MIT researchers have designed a computer system that learns how to play a text-based computer game with no prior assumptions about how language works. Although the system can’t complete the game as a whole, its ability to complete sections of it suggests that, in some sense, it discovers the meanings of words during its training.
In 2011, professor of computer science and engineering Regina Barzilay and her students reported a system that learned to play a computer game called Civilization by analyzing the game manual. But in the new work, on which Barzilay is again a co-author, the machine-learning system has no direct access to the underlying “state” of the game program — the data the program is tracking and how it’s being modified.
“When you play these games, every interaction is through text,” says Karthik Narasimhan, an MIT graduate student in computer science and engineering and one of the new paper’s two first authors. “For instance, you get the state of the game through text, and whatever you enter is also a command. It’s not like a console with buttons. So you really need to understand the text to play these games, and you also have more variability in the types of actions you can take.”
Narasimhan is joined on the paper by Barzilay, who’s his thesis advisor, and by fellow first author Tejas Kulkarni, a graduate student in the group of Josh Tenenbaum, a professor in the Department of Brain and Cognitive Sciences. They presented the paper last week at the Empirical Methods in Natural Language Processing conference.
The researchers were particularly concerned with designing a system that could make inferences about syntax, which has been a perennial problem in the field of natural-language processing. Take negation, for example: In a text-based fantasy game, there’s a world of difference between being told “you’re hurt” and “you’re not hurt.” But a system that just relied on collections of keywords as a guide to action would miss that distinction.

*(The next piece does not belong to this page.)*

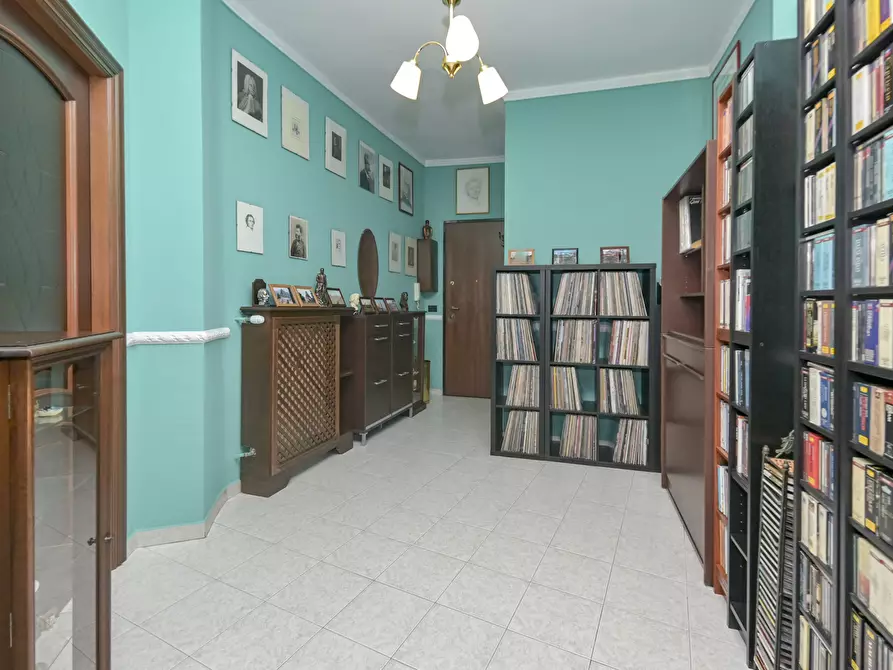 Immagine 12 di Bilocale in vendita  in Via Monginevro 220 a Torino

So the researchers designed their own text-based computer game that, though very simple, tended to describe states of affairs using troublesome syntactical constructions, such as negation and conjunction. They also tested their system against a demonstration game built by the developers of Evennia, a game-creation toolkit. “A human could probably complete it in about 15 minutes,” Kulkarni says.
To evaluate their system, the researchers compared its performance to that of two others, which use variants of a technique standard in the field of natural-language processing. The basic technique is called the “bag of words,” in which a machine-learning algorithm bases its outputs on the co-occurrence of words. The variation, called the “bag of bigrams,” which looks for the co-occurrence of two-word units.
On the Evennia game, the MIT researchers’ system outperformed systems based on both bags of words and bags of bigrams. But on the homebrewed game, with its syntactical ambiguities, the difference in performance was even more dramatic. “What we created is adversarial, to actually test language understanding,” Narasimhan says.
The MIT researchers used an approach to machine learning called deep learning, a revival of the concept of neural networks, which was a staple of early artificial-intelligence research. Typically, a machine-learning system will begin with some assumptions about the data it’s examining, to prevent wasted time on fruitless hypotheses. A natural-language-processing system could, for example, assume that some of the words it encounters will be negation words — though it has no idea which words those are.
Neural networks make no such assumptions. Instead, they derive a sense of direction from their organization into layers. Data are fed into an array of processing nodes in the bottom layer of the network, each of which modifies the data in a different way before passing it to the next layer, which modifies it before passing it to the next layer, and so on. The output of the final layer is measured against some performance criterion, and then the process repeats, to see whether different modifications improve performance.
In their experiments, the researchers used two performance criteria. One was completion of a task — in the Evennia game, crossing a bridge without falling off, for instance. The other was maximization of a score that factored in several player attributes tracked by the game, such as “health points” and “magic points.”
On both measures, the deep-learning system outperformed bags of words and bags of bigrams. Successfully completing the Evennia game, however, requires the player to remember a verbal description of an engraving encountered in one room and then, after navigating several intervening challenges, match it up with a different description of the same engraving in a different room. “We don’t know how to do that at all,” Kulkarni says.
“I think this paper is quite nice and that the general area of mapping natural language to actions is an interesting and important area,” says Percy Liang, an assistant professor of computer science and statistics at Stanford University who was not involved in the work. “It would be interesting to see how far you can scale up these approaches to more complex domains.”